GeoNotebook is an application that provides client/server environment with interactive visualization and analysis capabilities using Jupyter, GeoJS and other open source tools. Jointly developed by Kitware and NASA Ames.
The geonotebook is designed to provide a dynamic interactive map for visualization and analysis of geospatial data in a familiar jupyter notebook format. On the left is a standard jupyter notebook. On the right a is a GeoJS map. Geonotebook connects these two allowing the python cells to visualize data on the map and regions of this data to be selected on the map for further analysis.
geoplot is a high-level Python geospatial plotting library. It’s an extension to cartopy and matplotlib which makes mapping easy: like seaborn for geospatial.
A simple program to visualize GeoTIFF files with Matplotlib and OpenGL.
GeoViews is a Python library that makes it easy to explore and visualize geographical, meteorological, and oceanographic datasets, such as those used in weather, climate, and remote sensing research. GeoViews is built on the HoloViews library for building flexible visualizations of multidimensional data. GeoViews adds a family of geographic plot types based on the Cartopy library, plotted using either the Matplotlib or Bokeh packages. With GeoViews, you can now work easily and naturally with large, multidimensional geographic datasets, instantly visualizing any subset or combination of them, while always being able to access the raw data underlying any plot.
This package allows you to create various layers directly from the GTFS and visualize the results in the most straightforward way possible.
Leafmap is a Python package for interactive mapping and geospatial analysis with minimal coding in a Jupyter environment. It is a spin-off project of the geemap Python package, which was designed specifically to work with Google Earth Engine (GEE). However, not everyone in the geospatial community has access to the GEE cloud computing platform. Leafmap is designed to fill this gap for non-GEE users. It is a free and open-source Python package that enables users to analyze and visualize geospatial data with minimal coding in a Jupyter environment, such as Google Colab, Jupyter Notebook, and JupyterLab. Leafmap is built upon several open-source packages, such as folium and ipyleaflet (for creating interactive maps), WhiteboxTools and whiteboxgui (for analyzing geospatial data), and ipywidgets (for designing interactive graphical user interfaces [GUIs]).
The mapwidget package provides a set of custom map widgets for creating interactive maps in a Jupyter environment using different JavaScript mapping libraries, such as Cesium, Leaflet, Mapbox, MapLibre, and OpenLayers. The widgets are built on top of the anywidget Python package.
Mplleaflet is a Python library that converts a matplotlib plot into a webpage containing a pannable, zoomable Leaflet map. It can also embed the Leaflet map in an IPython notebook.

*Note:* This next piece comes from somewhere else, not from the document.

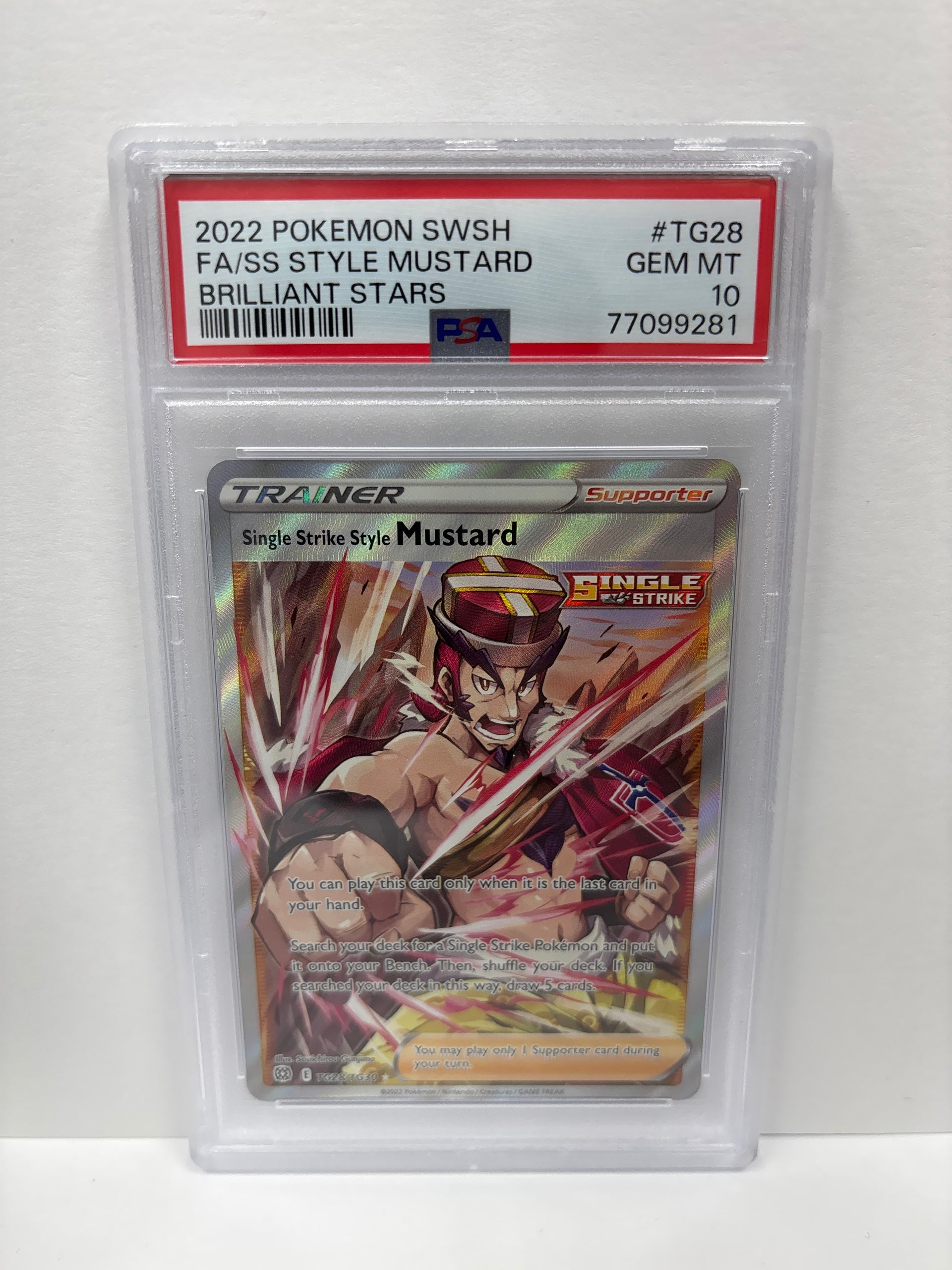 mustard pokemon card price 2021 Rapid Strike Style Mustard Trainer Full Art Ultra Rare Holo 162/163 Battle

The goal of mplleaflet is to enable use of Python and matplotlib for visualizing geographic data on slippy maps without having to write any Javascript or HTML. You also don’t need to worry about choosing the base map content i.e., coastlines,
roads, etc.
PyGMT is a library for processing geospatial and geophysical data and making publication-quality maps and figures. It provides a Pythonic interface for the Generic Mapping Tools (GMT), a command-line program widely used across the Earth, Ocean, and Planetary sciences and beyond.

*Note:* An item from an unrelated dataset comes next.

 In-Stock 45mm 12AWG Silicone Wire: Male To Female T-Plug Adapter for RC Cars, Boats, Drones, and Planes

The PyVista project is a collection of Free Licensed Open Source Software (FLOSS) around 3D visualization and mesh analysis in Python. The flagship PyVista library provides the core 3D plotting and mesh types used across the PyVista project.

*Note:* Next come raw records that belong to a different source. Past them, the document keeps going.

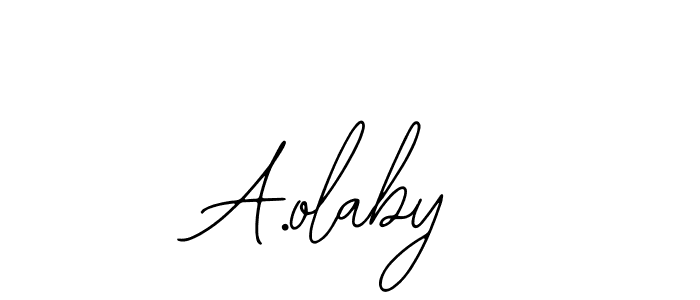 Create a beautiful signature design for name A.olaby. With this signature (Bearetta-2O07w) fonts, you can make a handwritten signature for free. A.olaby signature style 12 images and pictures png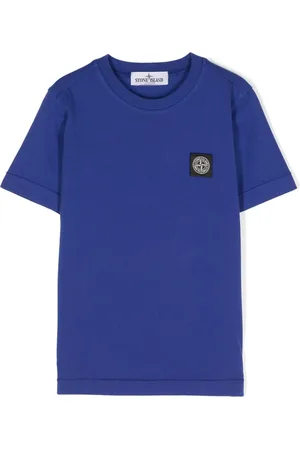 Stone Island Compass-patch cotton T-shirt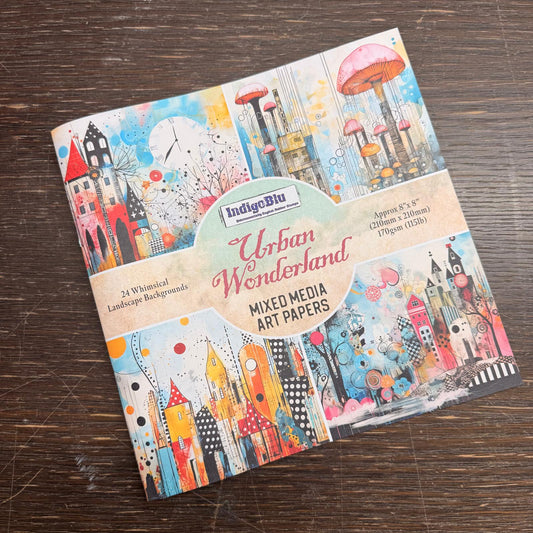 Urban Wonderland Paper Book - 8" x 8"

At its core, PyVista is a pure Python library – However, its dependencies, namely the Visualization Toolkit (VTK) is in C++. By wrapping the VTK library’s Python bindings into the PyVista suite, we have created a streamlined and intuitive toolset for 3D Visualization and mesh analysis/processing. Since PyVista is purely Python and VTK has wheels deployed for most major platforms and Python versions, PyVista can be used across platforms – it is being used across UNIX and Windows platforms everyday!